## Exercise description
Leave out the pictures and copy each record below exactly.
☆ ☆ ☆ ☆ ☆
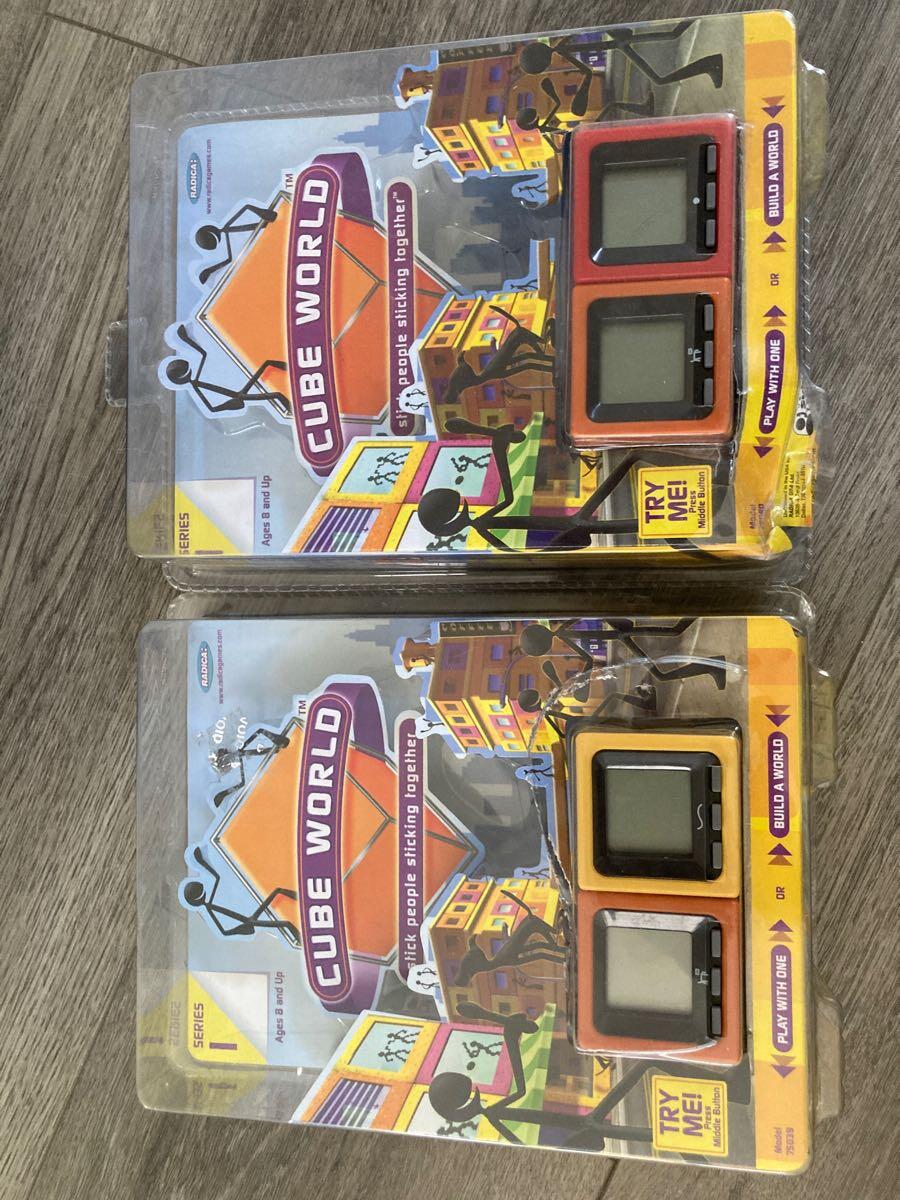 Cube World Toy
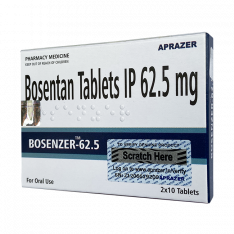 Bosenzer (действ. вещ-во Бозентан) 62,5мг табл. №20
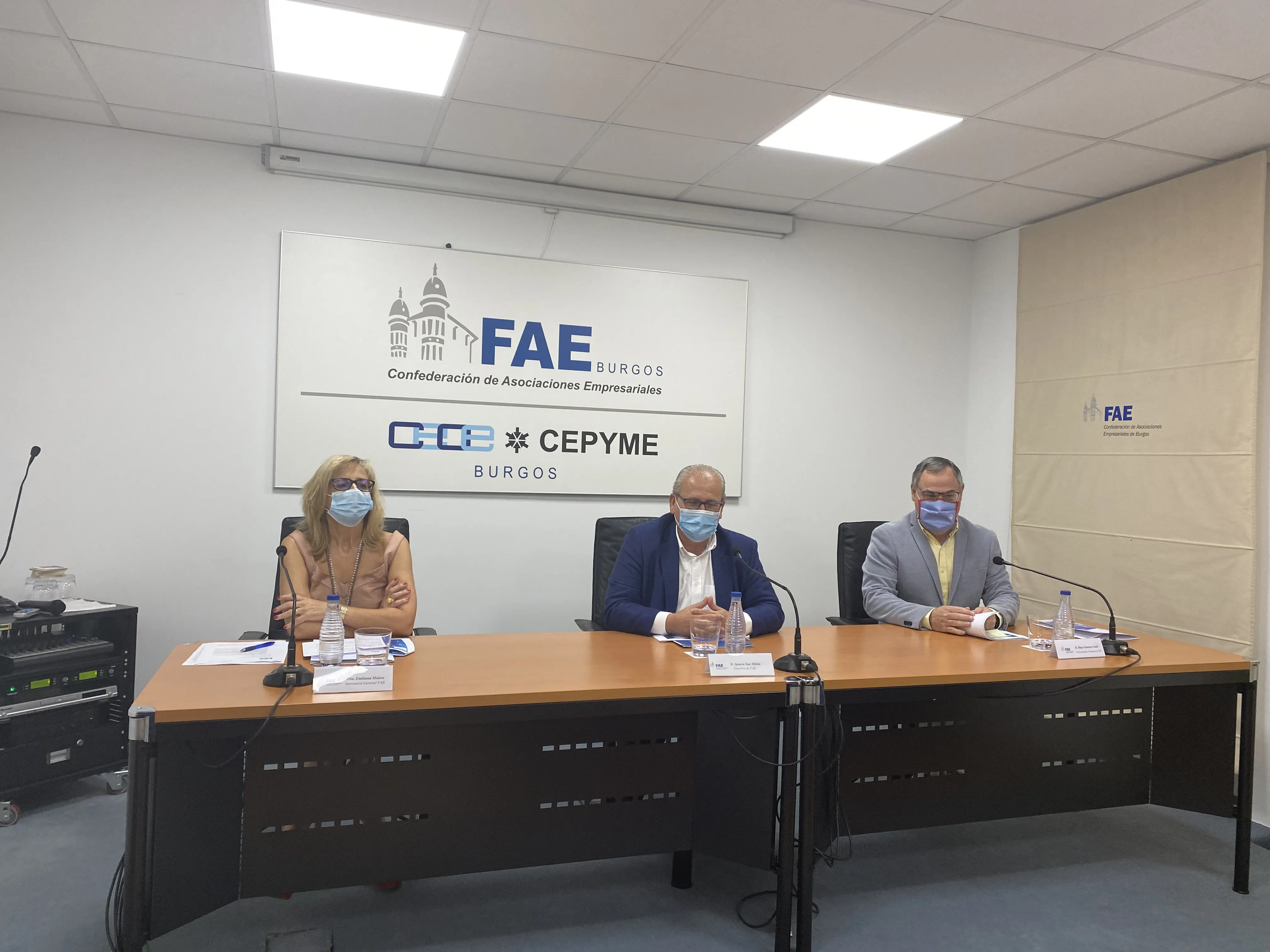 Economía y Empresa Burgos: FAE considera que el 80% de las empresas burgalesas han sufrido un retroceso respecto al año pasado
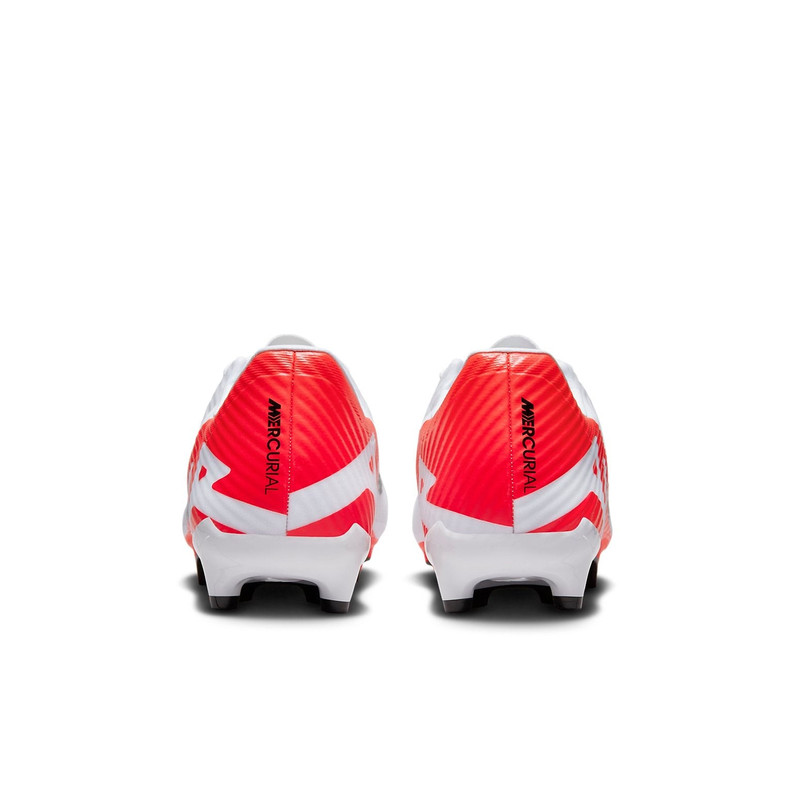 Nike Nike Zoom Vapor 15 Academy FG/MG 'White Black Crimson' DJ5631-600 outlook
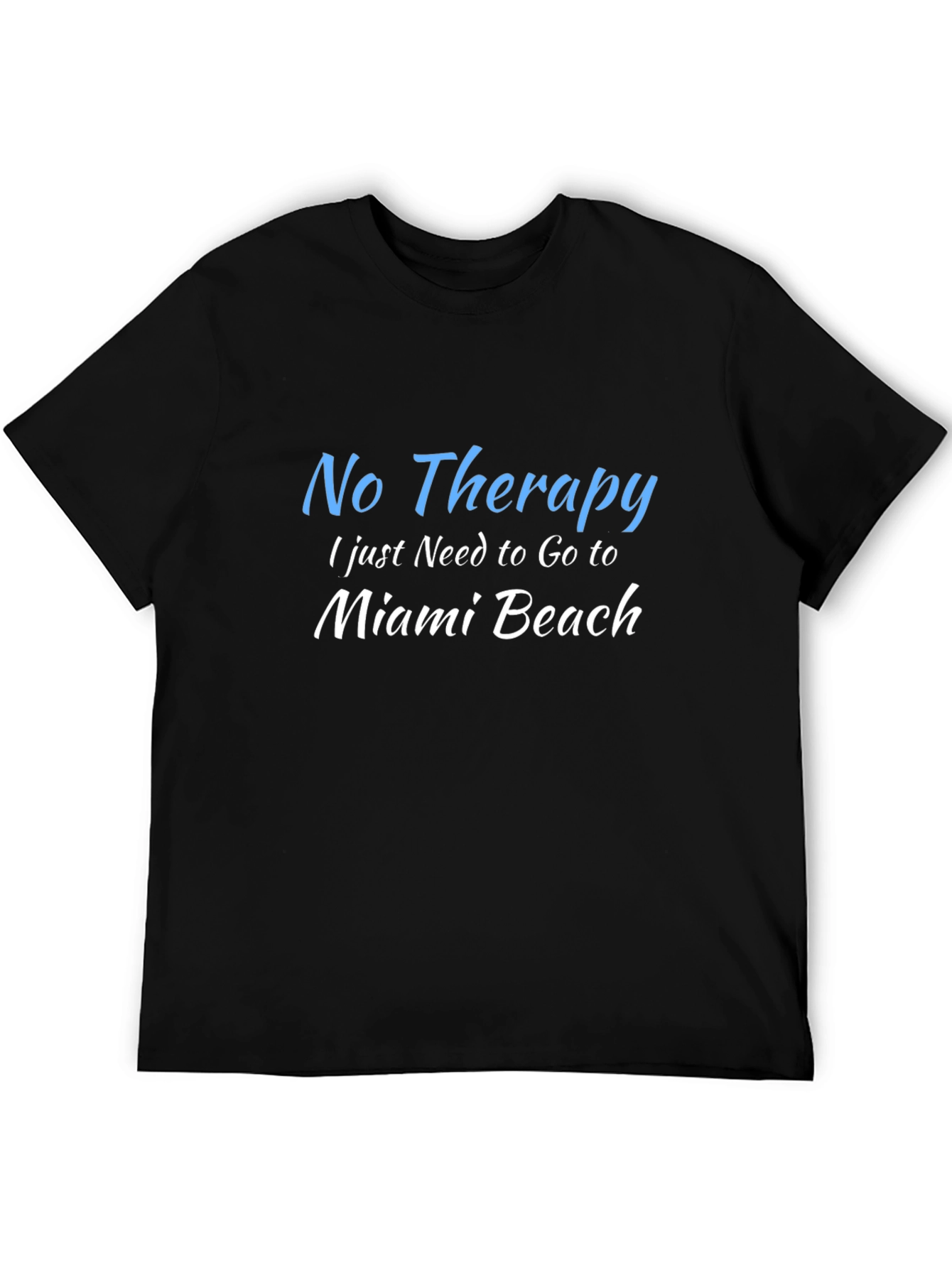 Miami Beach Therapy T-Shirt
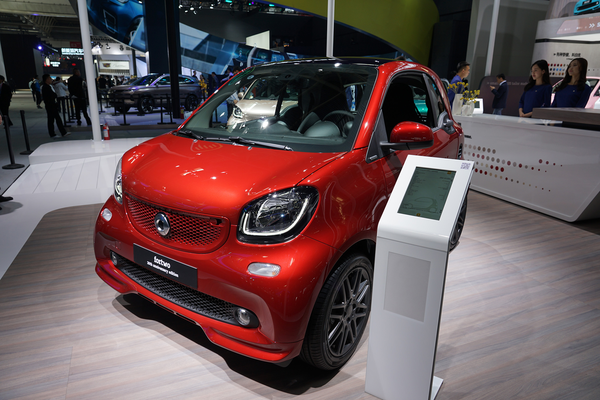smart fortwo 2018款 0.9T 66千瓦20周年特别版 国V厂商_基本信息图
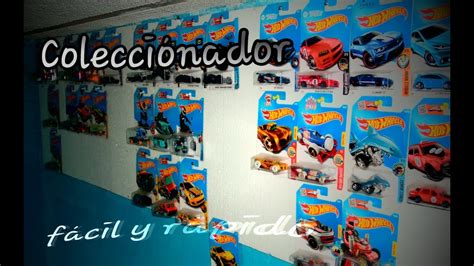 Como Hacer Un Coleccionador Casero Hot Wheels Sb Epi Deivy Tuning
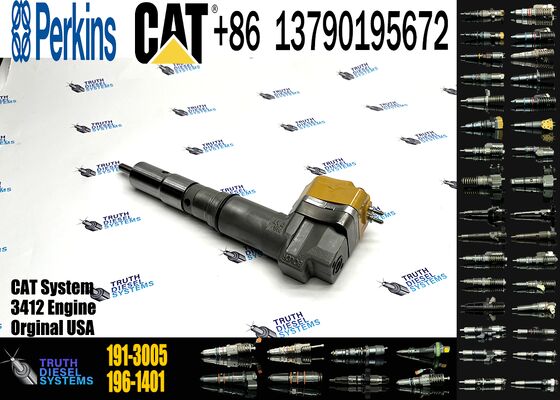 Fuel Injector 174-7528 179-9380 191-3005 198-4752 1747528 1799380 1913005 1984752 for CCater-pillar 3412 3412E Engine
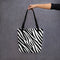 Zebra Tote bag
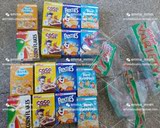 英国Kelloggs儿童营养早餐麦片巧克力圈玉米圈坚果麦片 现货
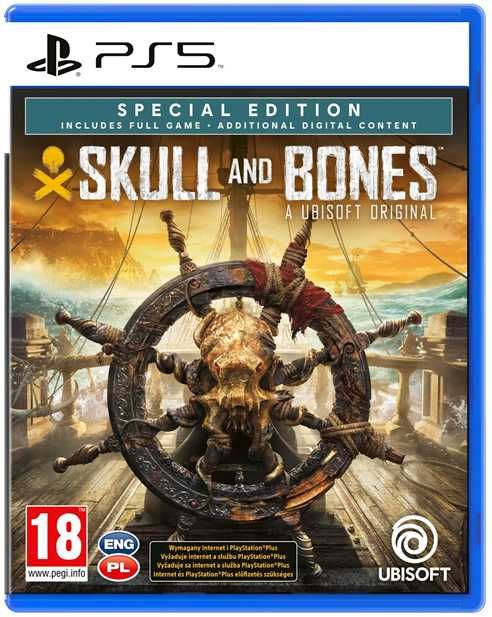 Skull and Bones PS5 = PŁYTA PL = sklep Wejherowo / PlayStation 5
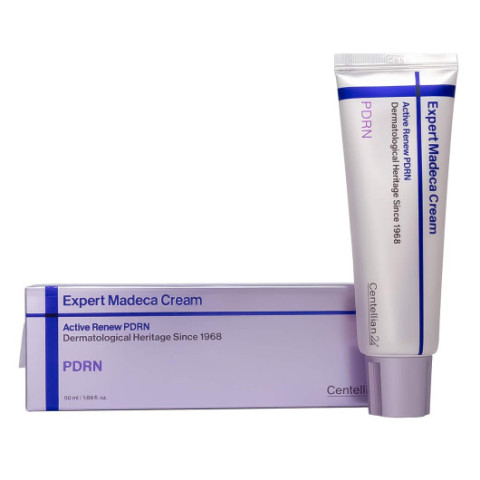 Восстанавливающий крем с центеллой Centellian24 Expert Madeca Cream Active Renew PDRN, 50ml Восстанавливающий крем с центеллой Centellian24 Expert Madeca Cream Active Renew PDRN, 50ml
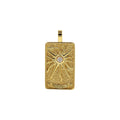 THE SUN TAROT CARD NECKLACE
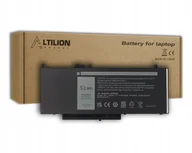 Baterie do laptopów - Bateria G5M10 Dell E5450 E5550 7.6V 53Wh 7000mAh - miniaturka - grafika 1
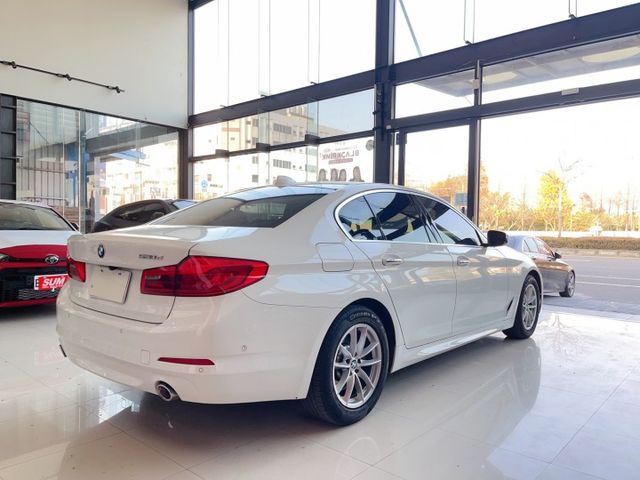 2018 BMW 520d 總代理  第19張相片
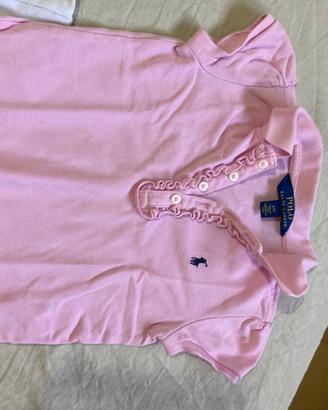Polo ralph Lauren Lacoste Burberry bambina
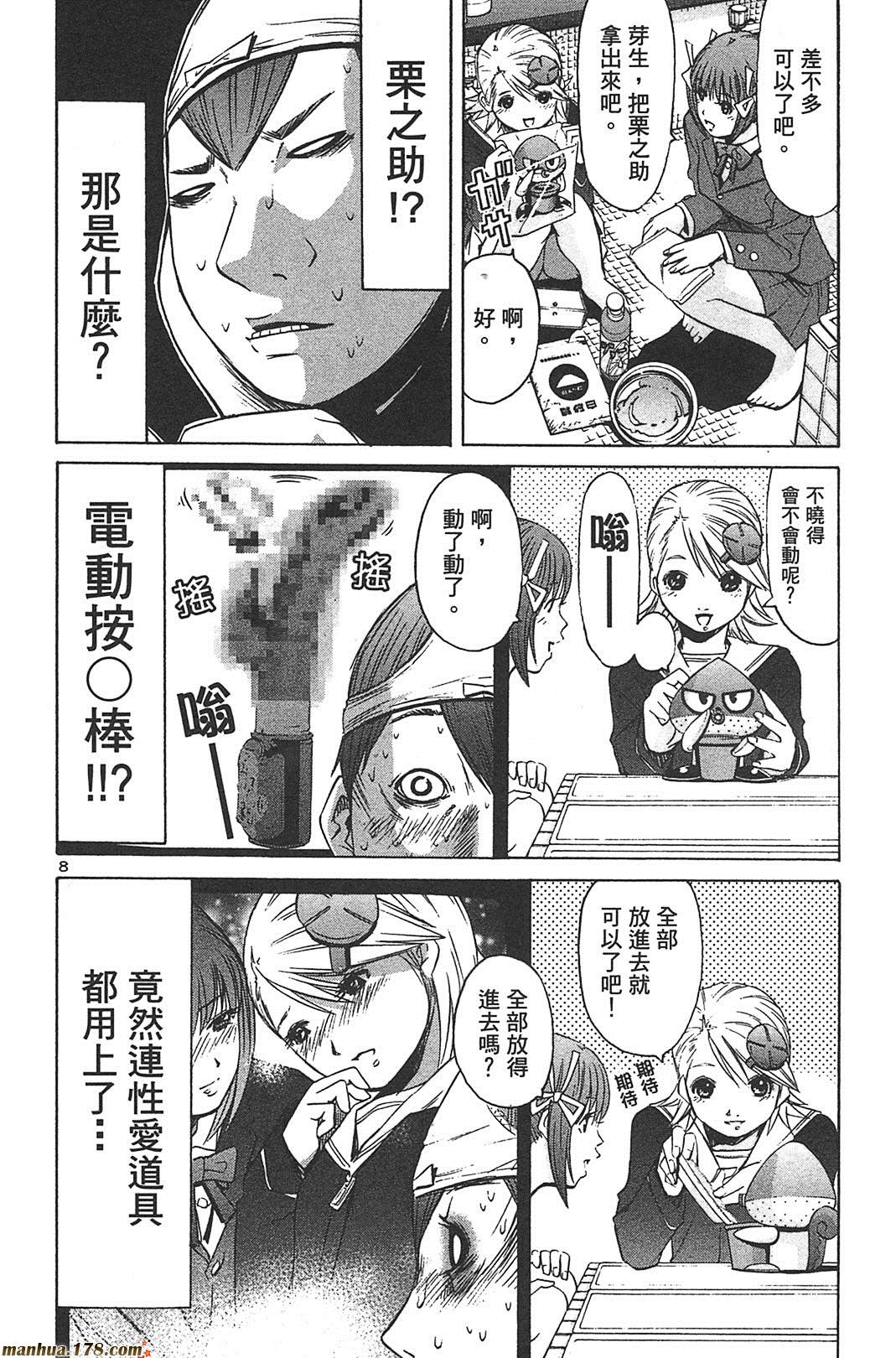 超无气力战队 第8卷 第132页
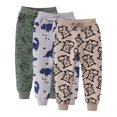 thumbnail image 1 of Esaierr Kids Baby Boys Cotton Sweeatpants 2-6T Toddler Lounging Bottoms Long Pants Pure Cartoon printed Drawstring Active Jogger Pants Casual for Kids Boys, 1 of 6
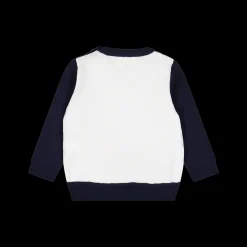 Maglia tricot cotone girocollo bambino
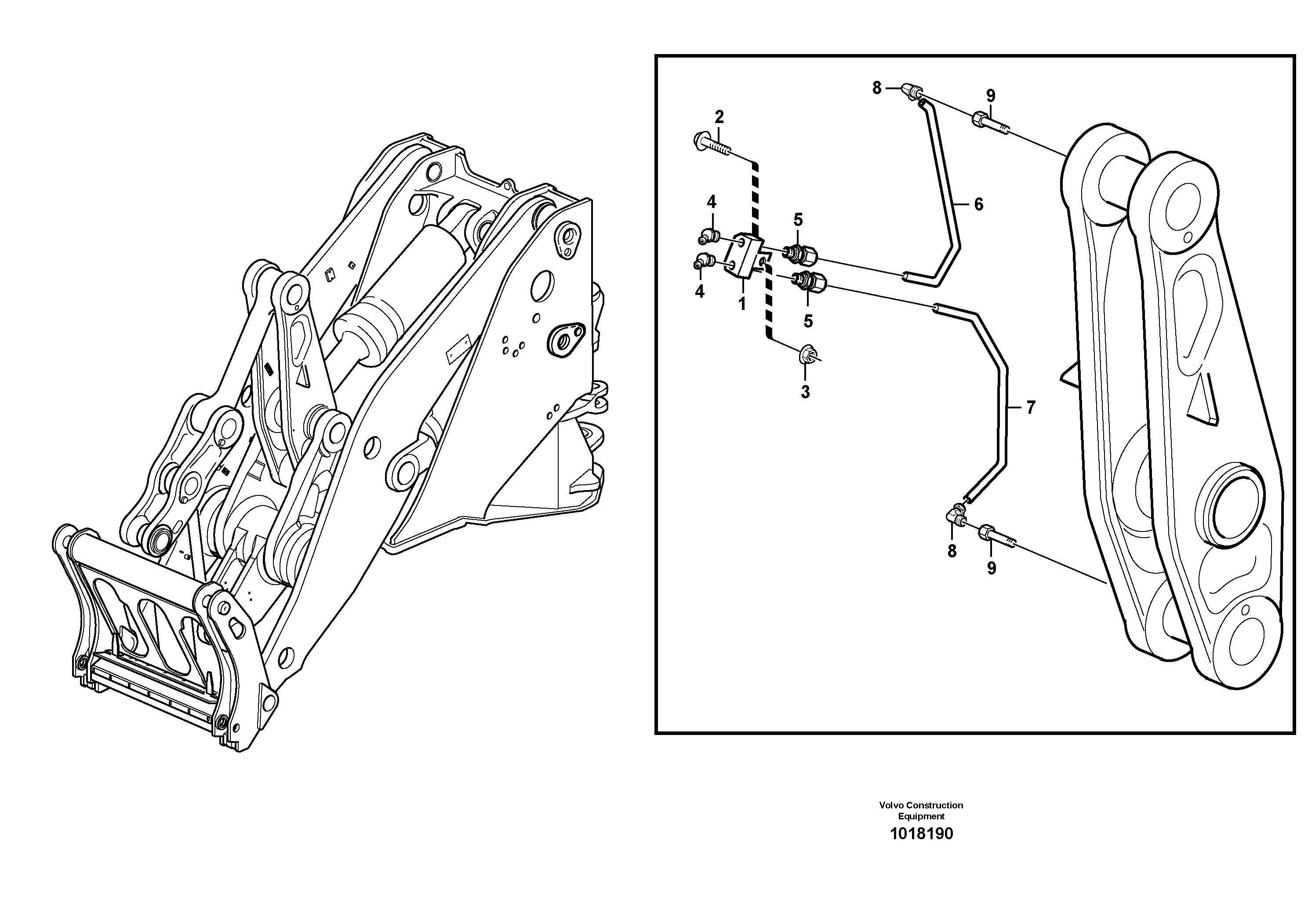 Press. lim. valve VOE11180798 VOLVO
☆ ☆ ☆ ☆ ☆
## Result of this task
 Cube World Toy
 Bosenzer (действ. вещ-во Бозентан) 62,5мг табл. №20
 Economía y Empresa Burgos: FAE considera que el 80% de las empresas burgalesas han sufrido un retroceso respecto al año pasado
 Nike Nike Zoom Vapor 15 Academy FG/MG 'White Black Crimson' DJ5631-600 outlook
 Miami Beach Therapy T-Shirt
smart fortwo 2018款 0.9T 66千瓦20周年特别版 国V厂商_基本信息图
 Como Hacer Un Coleccionador Casero Hot Wheels Sb Epi Deivy Tuning
 Fuel Injector 174-7528 179-9380 191-3005 198-4752 1747528 1799380 1913005 1984752 for CCater-pillar 3412 3412E Engine
 Zebra Tote bag
 英国Kelloggs儿童营养早餐麦片巧克力圈玉米圈坚果麦片 现货
 Skull and Bones PS5 = PŁYTA PL = sklep Wejherowo / PlayStation 5
 Восстанавливающий крем с центеллой Centellian24 Expert Madeca Cream Active Renew PDRN, 50ml Восстанавливающий крем с центеллой Centellian24 Expert Madeca Cream Active Renew PDRN, 50ml
 THE SUN TAROT CARD NECKLACE
 Baterie do laptopów - Bateria G5M10 Dell E5450 E5550 7.6V 53Wh 7000mAh - miniaturka - grafika 1
 2018 BMW 520d 總代理  第19張相片
Polo ralph Lauren Lacoste Burberry bambina
 超无气力战队 第8卷 第132页
 thumbnail image 1 of Esaierr Kids Baby Boys Cotton Sweeatpants 2-6T Toddler Lounging Bottoms Long Pants Pure Cartoon printed Drawstring Active Jogger Pants Casual for Kids Boys, 1 of 6
 Maglia tricot cotone girocollo bambino
 Press. lim. valve VOE11180798 VOLVO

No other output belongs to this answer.